The protest — which appeared to be twice as large as one on Tuesday that drew about 100,000 people — cut through Manama, the capital, with staggering numbers for a population of just 500,000. They marched in two huge, roaring crowds from the south and from the west, converging at Pearl Square.
“This is another great day for our movement,” said Abbas al-Mawali, 30, a security guard who joined the march. “We won’t stop until our demands are met. We will have a march like this every day if we have to.”
But after 11 days of protests, King Hamad ibn Isa al-Khalifa has slowly moved to meet protesters’ demands, taking incremental steps. Late Friday, he fired three cabinet ministers, but not the prime minister — one of the opposition’s top demands. He also has not addressed the issue of democratic change.
His emphasis appears to have been on defusing the protests and repairing the damage to Bahrain’s international reputation after the army fired on protesters last week, as well as on limiting concessions to ones that do not affect the government’s power.
“The government released prisoners and said it will investigate what happened; it will make some small changes in the government,” said a rights worker who is not being identified to protect him from potential reprisals by the government. “The whole region is changing. Now is our chance.
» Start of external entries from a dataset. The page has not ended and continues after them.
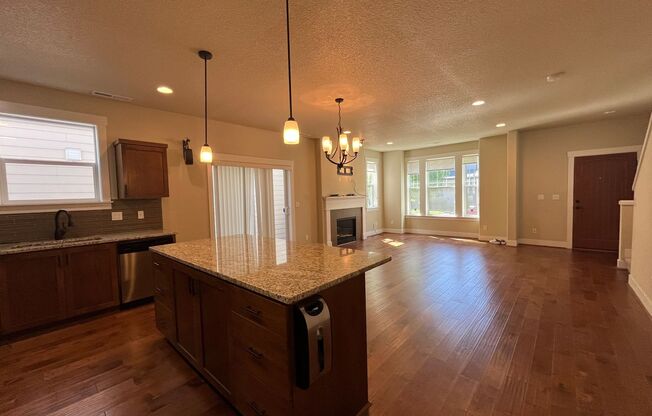 4Bd/2.5Ba Home in Sommerset West - Elmonica South neighborhood ~ 4 Bedroom and Private yard!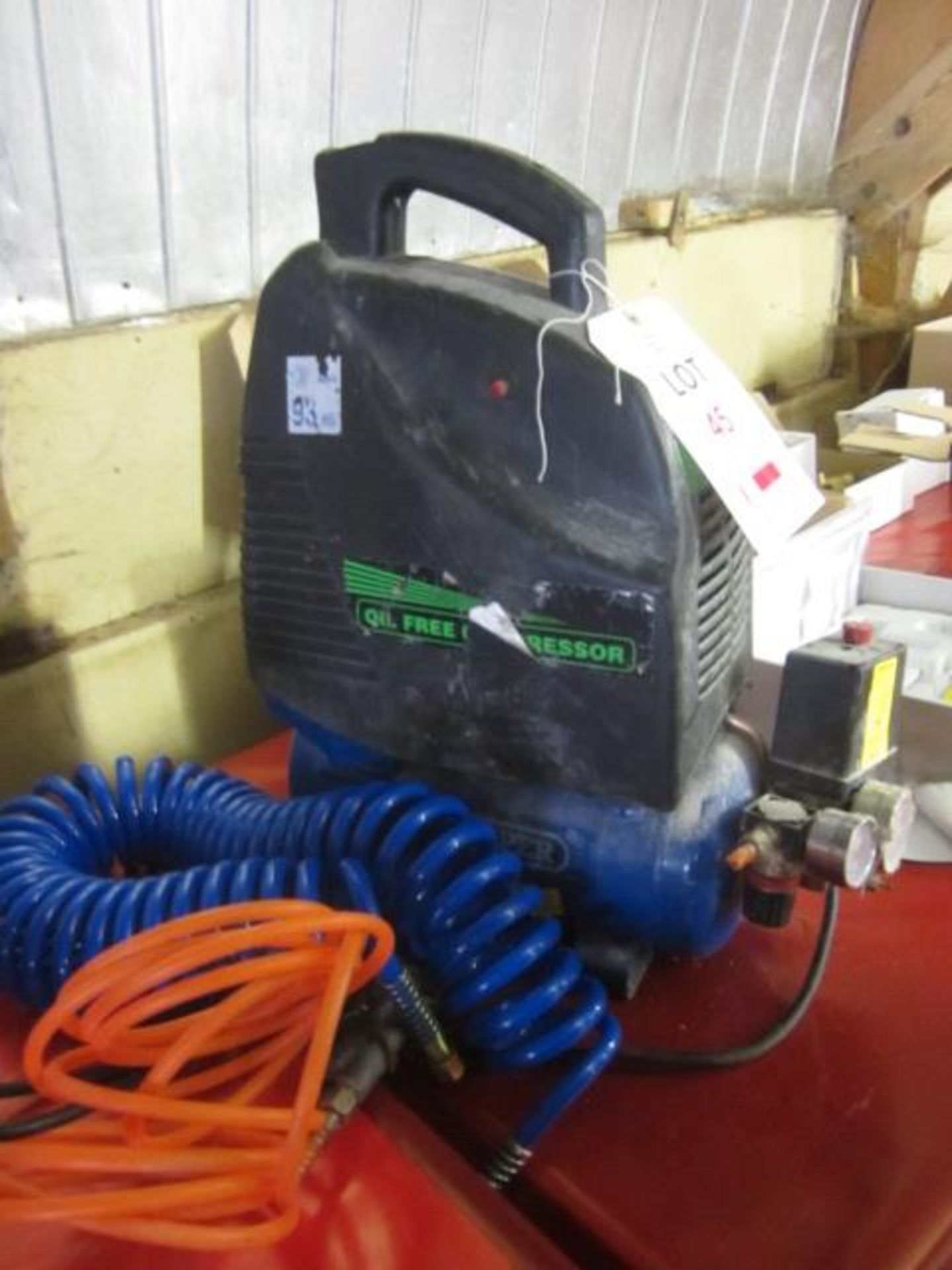 Draper oil free 1.5hp portable air compressor, 240v ** Located: Stoneford Farm, Steamalong Road, - Image 3 of 5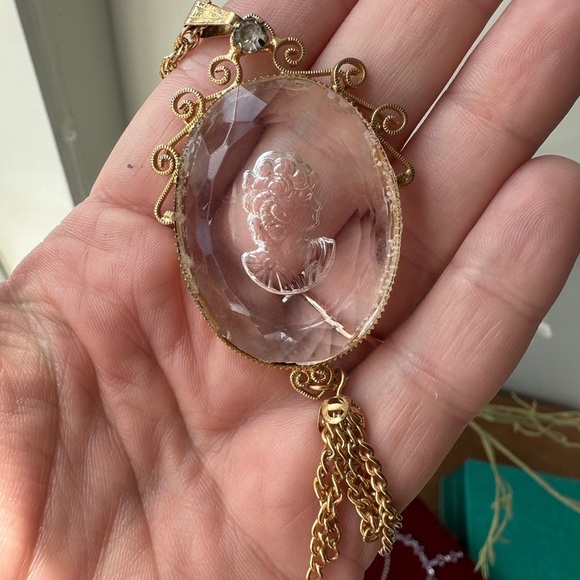 Vintage Jewelry - Vintage intaglio glass Cameo Pendant with gold plated chain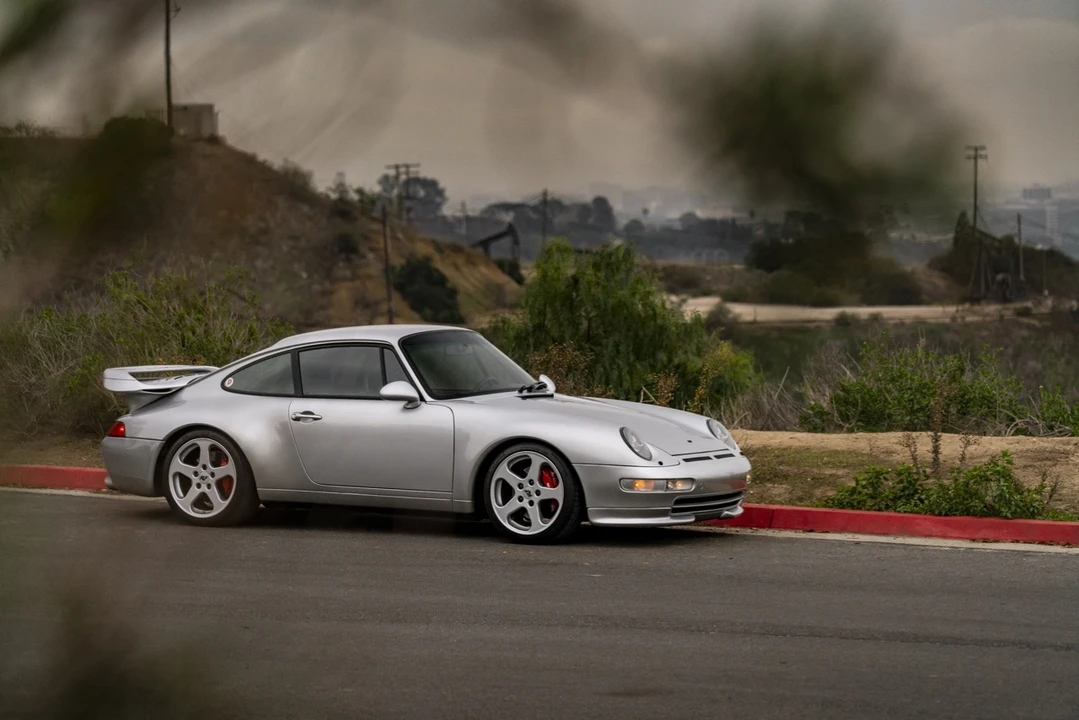 1995 Porsche 993 Carrera - Image 25 of 31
I am saying, If we don’t do this now, we never will.”
The protesters, meanwhile, have not articulated a strategy for bringing about change, beyond new protests and camping out in the square.
The unrest has been led by members of the nation’s Shiite majority, who have long been politically marginalized and who have accused the Sunni king and his government of discrimination.
In a shift on Friday, it was the Shiite religious leaders who called for protests, rather than the political opposition. Although some of the chants on Friday had a religious cast — with some people shouting “victory comes from God” — the protesters’ demands remained the same, emphasizing a nonsectarian call for democracy and the downfall of the government.
Since the start of the crisis, the government’s response has evolved. First the king unleashed his armed forces, who killed seven protesters and wounded dozens. Then, under international pressure, he withdrew the police and military from the capital, called for a national dialogue, released 300 political prisoners and pointed to the protests as evidence of his government’s tolerance.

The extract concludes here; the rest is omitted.